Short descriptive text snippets
+++
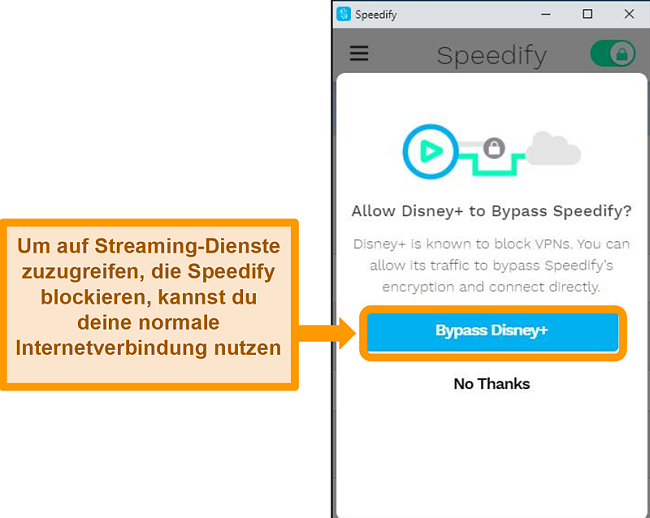 Screenshot der Speedify-Benutzeroberfläche mit einer Bypass-Option für Disney +
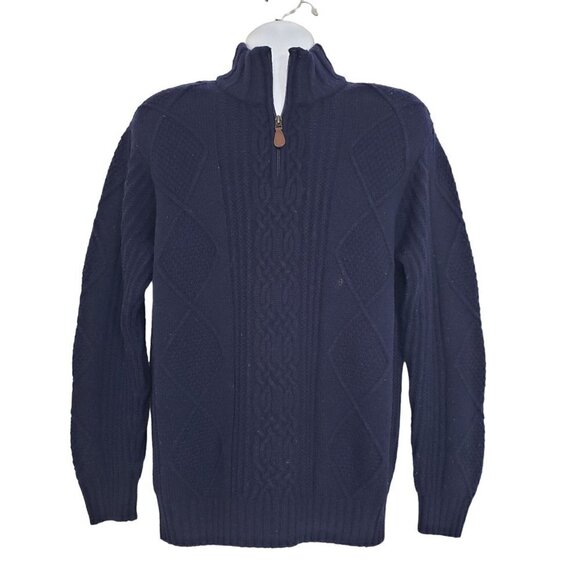 Jos A Bank Chunky Knit Pullover Wool Blend Quarter Zip Mock Neck Sweater Mens XL - Picture 1 of 8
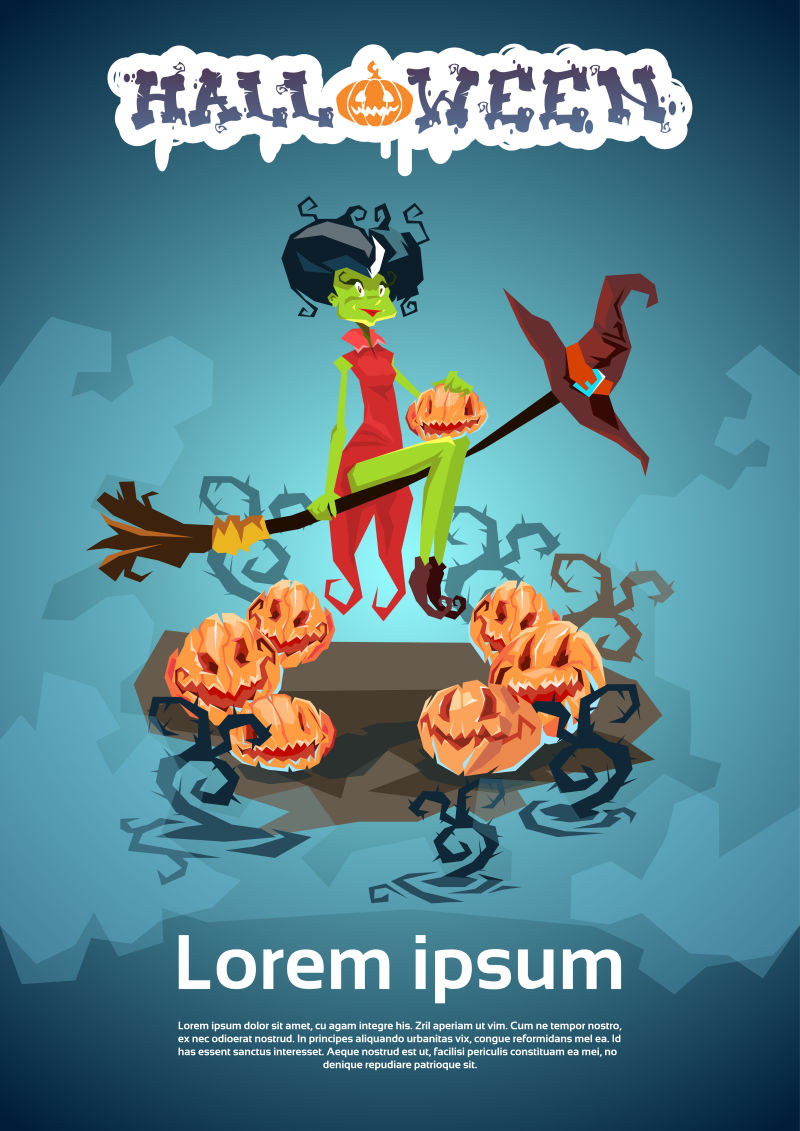 抽象矢量时尚女巫元素的万圣节派对邀请函设计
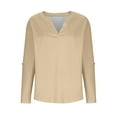 thumbnail image 6 of Wensltd Women's Long Sleeve Shirt Button-Up V-Neck Solid Color Spring Fall Top for Office Work, 6 of 8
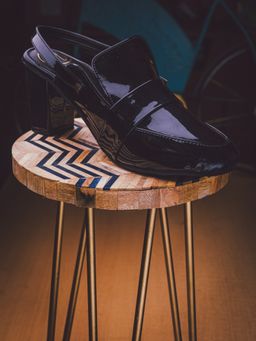 NR by Nidhi Rathi - Black Solid Leather Block Heels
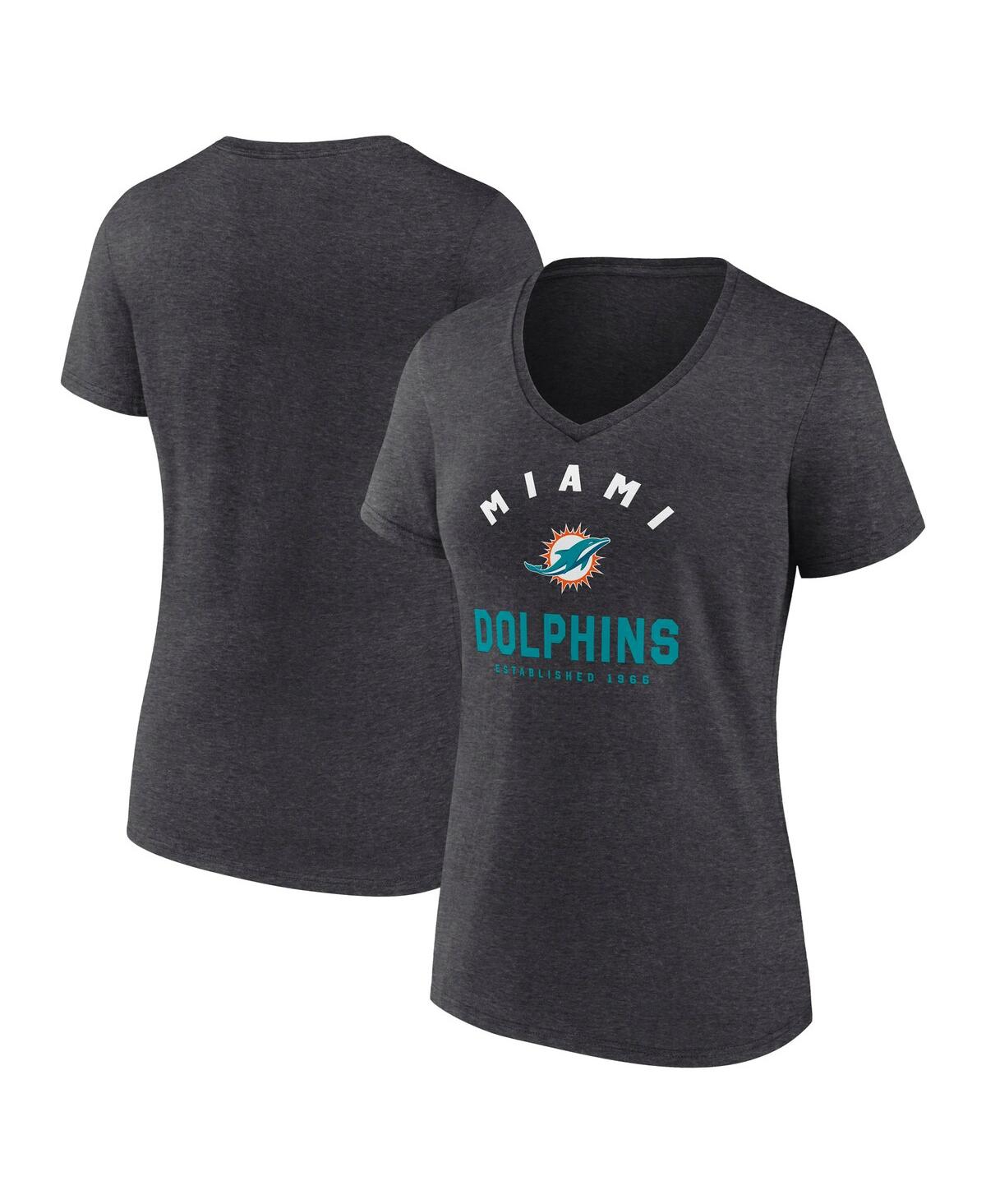 Women's Heather Charcoal Miami Dolphins Unrivaled V-Neck T-Shirt - Heather Charcoal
+++
WORK INSTRUCTIONS:
The lines from the one with "NR by Nidhi" to the end of the data above should be retyped exactly, both ends included, and pictures are to be left out.

TASK RESULT:
 NR by Nidhi Rathi - Black Solid Leather Block Heels
 Women's Heather Charcoal Miami Dolphins Unrivaled V-Neck T-Shirt - Heather Charcoal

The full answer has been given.